* [Task description]: Starting at the line that contains "Адгезивный капсулит рентген." and ending at the final line of the entries below, write out each line exactly as it appears, but omit the pictures.

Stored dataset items
- - -

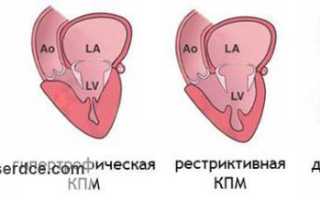 Вторичная кардиопатия симптомы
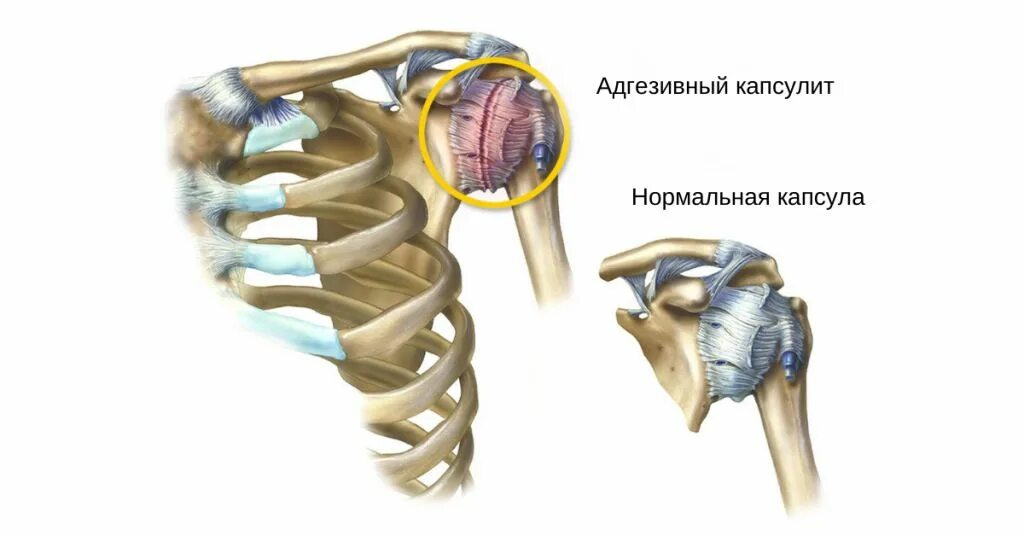 Адгезивный капсулит рентген. Лопаточный периартроз плечевого сустава. Адгезивный капсулит плечелопаточного сустава.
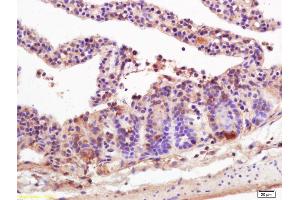 Formalin-fixed and paraffin embedded mouse intestine labeled with Anti-MICA/MHC I a Polyclonal Antibody, Unconjugated (ABIN728788) at 1:200 followed by conjugation to the secondary antibody and DAB staining. (MICA antibody  (AA 120-170))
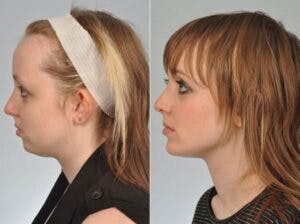 Chin Implant Before & After Gallery - Patient 139098 - Image 3
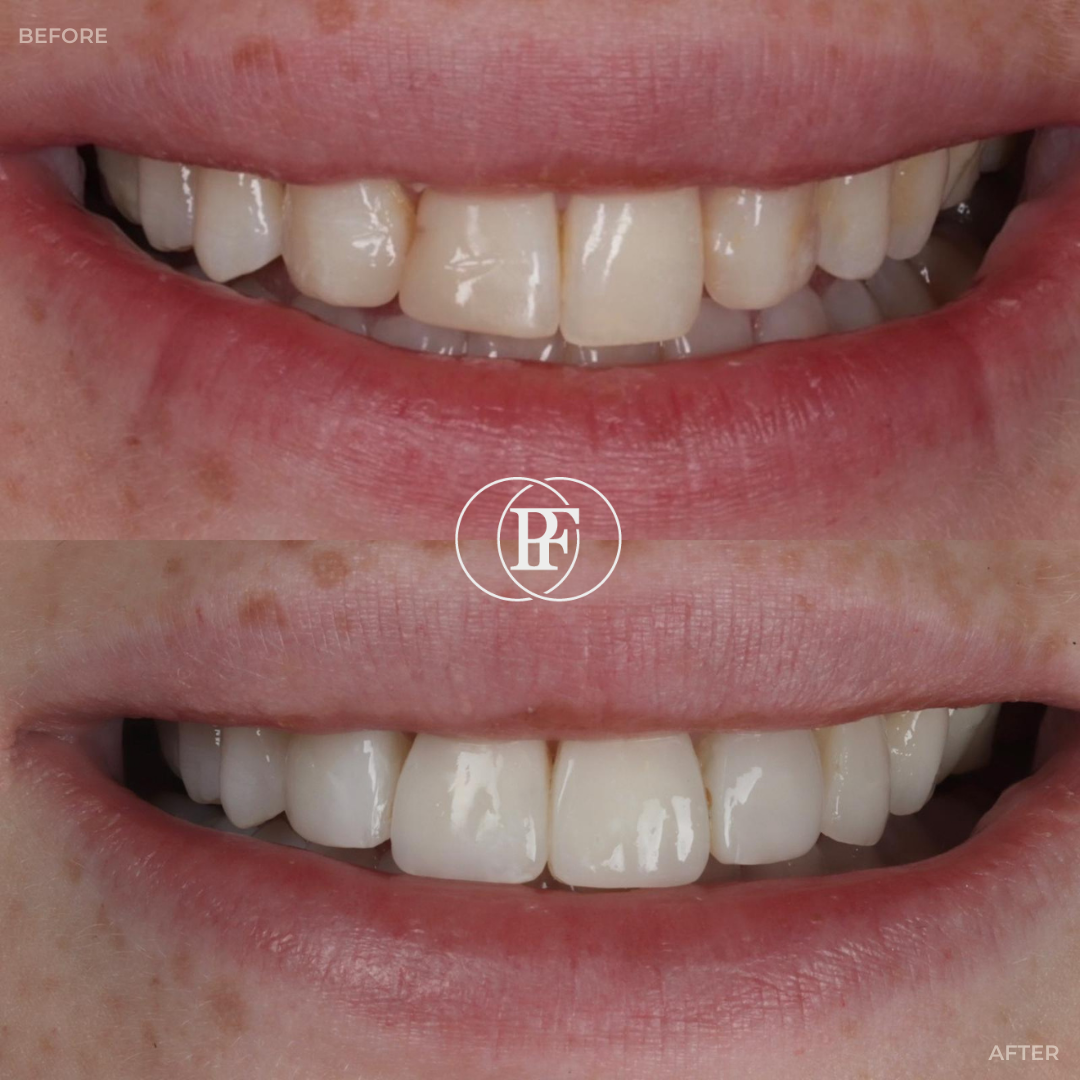 Oris Dental & Implant Studio Smile Gallery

- - -

* [Exercise result]:
 Адгезивный капсулит рентген. Лопаточный периартроз плечевого сустава. Адгезивный капсулит плечелопаточного сустава.
 Formalin-fixed and paraffin embedded mouse intestine labeled with Anti-MICA/MHC I a Polyclonal Antibody, Unconjugated (ABIN728788) at 1:200 followed by conjugation to the secondary antibody and DAB staining. (MICA antibody  (AA 120-170))
 Chin Implant Before & After Gallery - Patient 139098 - Image 3
 Oris Dental & Implant Studio Smile Gallery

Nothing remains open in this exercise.